Find an equation of a parabola that satisfies the given conditions. Horizontal axis, vertex \((-1,2),\) passing through \((2,3)\)

Short Answer

Expert verified
The equation is \((y - 2)^2 = \frac{1}{3}(x + 1)\).

Step by step solution

01

Identify the Equation Form

For a parabola with a horizontal axis, the standard form is expressed as \[(y - k)^2 = 4p(x - h)\] where \((h, k)\) is the vertex of the parabola. In this problem, the vertex is given as \((-1, 2)\).
02

Substitute the Vertex Coordinates

Insert the vertex coordinates \((-1, 2)\) into the standard form:\[(y - 2)^2 = 4p(x + 1)\].
03

Use Point to Solve for 'p'

The parabola passes through the point \((2, 3)\).
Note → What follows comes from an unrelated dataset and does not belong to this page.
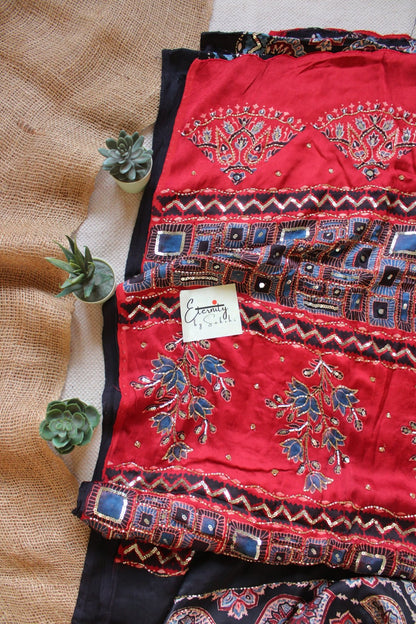 Aaina Raag Ajrakh Modal Silk Saree with Artisan Handwork - Eternity by Sakshi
Substitute \(x = 2\) and \(y = 3\) into the equation to find \(p\):\[(3 - 2)^2 = 4p(2 + 1)\]\[1 = 12p\]Solving for \(p\), you get \(p = \frac{1}{12}\).
04

Write the Equation

Plug the value of \(p\) back into the equation:\[(y - 2)^2 = \frac{4}{12}(x + 1)\]Simplifying, the equation of the parabola is:\[(y - 2)^2 = \frac{1}{3}(x + 1)\].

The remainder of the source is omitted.